Arkansas historytellers

Project putting state heritage online, one person at a time

Scott Lunsford, associate director of the Pryor Center, reviews a recent interview he conducted with David Lambert, an Arkansas native who founded a public affairs consulting firm in Washington.
Scott Lunsford, associate director of the Pryor Center, reviews a recent interview he conducted with David Lambert, an Arkansas native who founded a public affairs consulting firm in Washington.

— The whole history of epistemology - that is, the history of everything we know - has witnessed two monster paradigm shifts: the first, the mass production of books; the second, the mass production of bytes.

In 1999, well into the second paradigm shift, Washington Post columnist Joel Achenbach asked, Is anyone getting any wiser?

In a piece called “The Too-Much-Information Age,” he wrote that in 1472 the library at Queens College in Cambridge, England, had exactly 199 books.

It’s reasonable to think a few people in that college town probably had read everything in the world. At least, their world. The Western World.

Today it would be a surprise indeed if anyone had read the entire contents of the library in Reading, Pa., or Booker, Texas.

In Arkansas, just in the last decade, historians and philanthropists from every corner of the state have come together to create the Encyclopedia of Arkansas History and Culture, a searchable website that went online in 2006 with 700 subject entries and has become the single grandest, most popular source of our state’s history ever, standing in at 3,000 entries composed of 2 million words that, if it were a book, would sit a stout 4,000-book-length pages excluding images and graphics.

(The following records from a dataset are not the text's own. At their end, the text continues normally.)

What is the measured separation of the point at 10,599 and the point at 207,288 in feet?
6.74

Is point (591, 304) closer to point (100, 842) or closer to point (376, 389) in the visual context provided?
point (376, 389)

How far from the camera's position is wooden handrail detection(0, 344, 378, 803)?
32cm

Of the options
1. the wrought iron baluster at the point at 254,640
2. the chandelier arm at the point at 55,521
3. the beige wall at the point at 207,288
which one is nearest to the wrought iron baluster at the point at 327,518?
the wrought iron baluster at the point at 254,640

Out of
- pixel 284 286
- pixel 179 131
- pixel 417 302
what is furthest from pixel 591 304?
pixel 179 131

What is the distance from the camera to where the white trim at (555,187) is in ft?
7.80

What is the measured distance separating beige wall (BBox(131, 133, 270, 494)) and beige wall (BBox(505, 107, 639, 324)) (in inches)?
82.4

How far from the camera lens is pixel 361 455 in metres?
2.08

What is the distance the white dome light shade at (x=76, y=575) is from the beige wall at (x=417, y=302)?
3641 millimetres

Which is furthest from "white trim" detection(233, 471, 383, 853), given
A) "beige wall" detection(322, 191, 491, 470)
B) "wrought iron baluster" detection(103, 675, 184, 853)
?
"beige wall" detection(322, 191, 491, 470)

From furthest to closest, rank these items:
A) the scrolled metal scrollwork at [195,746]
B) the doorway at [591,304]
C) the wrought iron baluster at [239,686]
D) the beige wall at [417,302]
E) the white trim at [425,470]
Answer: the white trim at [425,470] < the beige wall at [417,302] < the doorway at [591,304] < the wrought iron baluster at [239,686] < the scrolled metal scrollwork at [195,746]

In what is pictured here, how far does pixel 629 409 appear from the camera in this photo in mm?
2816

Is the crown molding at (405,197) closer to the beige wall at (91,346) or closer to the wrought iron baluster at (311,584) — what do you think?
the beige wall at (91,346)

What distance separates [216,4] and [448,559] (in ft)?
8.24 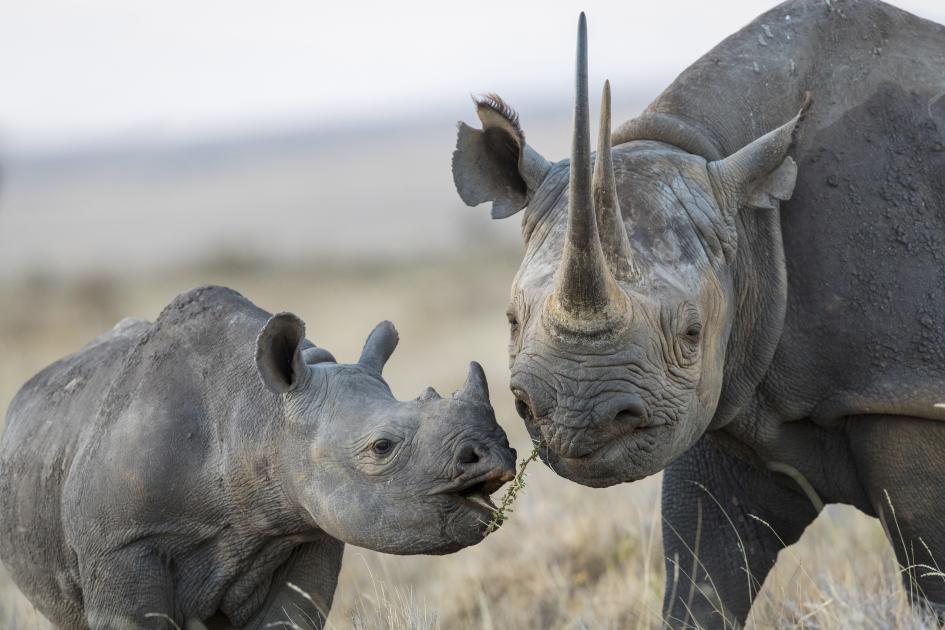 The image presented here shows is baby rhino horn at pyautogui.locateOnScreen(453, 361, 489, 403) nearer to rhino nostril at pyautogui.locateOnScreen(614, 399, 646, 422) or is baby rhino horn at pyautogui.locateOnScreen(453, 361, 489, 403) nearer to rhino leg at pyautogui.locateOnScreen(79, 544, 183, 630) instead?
rhino nostril at pyautogui.locateOnScreen(614, 399, 646, 422)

Meanwhile, at the University of Arkansas at Fayetteville, another smart set chips away at a very different electronic index of Arkansas history, one still more ambitious than an encyclopedia.

HIS STORY AND HERS

The David and Barbara Pryor Center for Oral and Visual History actually predates the encyclopedia by several years. It began in 1999 when the former governor and U.S. senator bequeathed his leftover campaign war chest - $220,000 - to the university for the project. The first interview was recorded by history professor Jeannie Whayne with a cassette tape recorder.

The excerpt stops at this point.